For example, the buried channel 118 comprises a doped layer of the second conductivity type. For example, the doped layer or channel 118 extends parallel to the face 102 of the doped well 100.

The buried doped channel 118 extends from the region 106. The buried channel 118 contacts the region 106.

According to one embodiment, as illustrated in FIG. 1, the buried doped channel 118 extends from the region 106 to a doped region 120, delimited in dotted lines in FIG. 1, the buried channel 118 being in contact with both regions 106 and 120. The region 120 is made of a semiconductor material, for example, of silicon. The region 120 extends in the doped well 100. For example, the region 120 penetrates in the doped well 100 from the face 102. The region 120 is doped of the second conductivity type, that is, the N-type is the example of FIG. 1. The concentration of doping atoms in the region 120 is, for example, comprised between 10¹⁸ and 10²⁰ at.cm³. For example, the region 120 is made by implanting doping atoms in the doped well 100, at the emplacement of the region 120.
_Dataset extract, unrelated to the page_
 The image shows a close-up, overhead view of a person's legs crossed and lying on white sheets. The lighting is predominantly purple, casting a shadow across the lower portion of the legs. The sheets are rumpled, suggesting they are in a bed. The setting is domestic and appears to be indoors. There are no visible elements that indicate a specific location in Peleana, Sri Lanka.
In the example of FIG. 1, the transistor T comprises the region 120. The region 120 then forms, or belongs to, a conduction region (drain or source) of the transistor T. In the example of FIG. 1, the region 120 forms, or belongs to, the source of transistor T.
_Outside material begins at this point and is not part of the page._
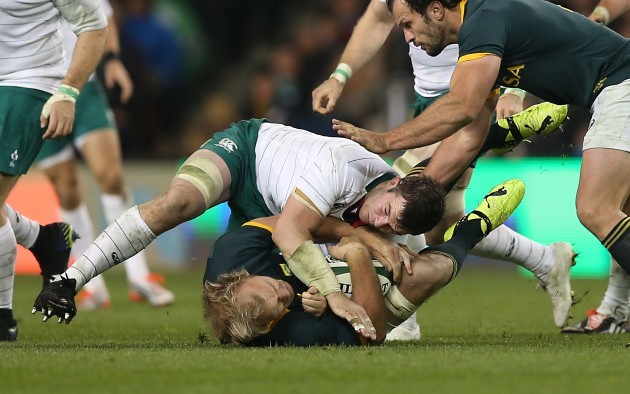 Schalk Burger is tackled by Peter O'Mahony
The region 120 may at least partly extends below the gate stack 108.

In the example of FIG. 1, the memory cell 1 is an eSTM memory cell and further comprises a doped layer 122 and a vertical gate 124.

The doped layer 122 is doped of the second conductivity type, that is, of the N-type in the example of FIG. 1. The doped layer 122 is made of a semiconductor, for example, of silicon. For example, the concentration of doping atoms in the layer 122 is comprised between 10¹⁷ and 10¹⁹ at.cm³.
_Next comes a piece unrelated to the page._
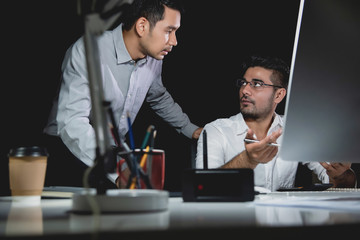 Aasian businessman coworkers discussing work at night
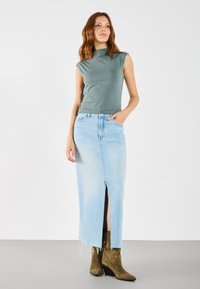 Grønn ermeløs topp kombinert med et lyseblått denim maxiskjørt med en frontslitting, komplementert av brune suedestøvletter.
The doped well 100 overlies the layer 122, for example, in contact with the layer 122. For example, the well 100 overlies and is in contact with the layer 122.

As an example, the layer 122 overlies a substrate 126, for example, a semiconductor substrate, for example, a silicon substrate. The substrate 126 is, for example, doped with the first conductivity type.

The vertical gate 124 is in contact with the doped well 100, for example, with a lateral face of the well 100, the lateral face extending perpendicular to the faces 102 and 104 of the well 100.

The vertical gate 124 extends from the face 102 of the well 100 at least up to the face 104 of the well 100. In the example of FIG. 1, the vertical gate 124 extends from the face 102 to the face 104 and does not penetrate the layer 122. In another example, which is not illustrated, the vertical gate 124 penetrates in the layer 122.

The vertical gate 124 is disposed on the side of a first edge of the gate stack 108 (on the right in FIG. 1) and the region 106 is disposed on the side of a second edge of the stack 108 (on the left in FIG. 1), the first and second edges being opposite to each other. Said in other words, the gate stack 108 extends between the region 106 and the vertical gate 124.

The vertical gate 124 comprises, for example, a conductive core 1241 and an insulating shell 1242. The insulating shell 1242 separates the core 1241 from the well 100 and the layer 122. The insulating shell 1242 comprises, for example, one or several insulating layers. The shell 1242 is, for example, made of silicon oxide. The conductive core 1241 comprises, for example, a metal and/or a doped semiconductor. The conductive core 1241 is, for example, made of polycrystalline silicon.

The buried doped channel 118 extends between the region 106 and the vertical gate 124. Said in other words, the buried channel 118 extends from the region 106 toward the vertical gate 124.

According to one embodiment in which transistor T comprises the region 120 doped of the second conductivity type, as illustrated by FIG. 1, the vertical gate 124 is in contact with the region 120. Said in other words, the region 120 extends from the vertical gate 124 to the buried channel 118, region 120 being in contact with buried channel 118 and the vertical gate 124, for example, in contact with layer 1242.

According to an alternative embodiment (not shown on FIG. 1), the region 120 is omitted. In this case, the buried channel 118 extends up to the vertical gate 124, for example, up to the layer 1242. In this alternative embodiment, the gate stack 108 extends up to the vertical gate 124, and may at least partly overlap the vertical gate 124.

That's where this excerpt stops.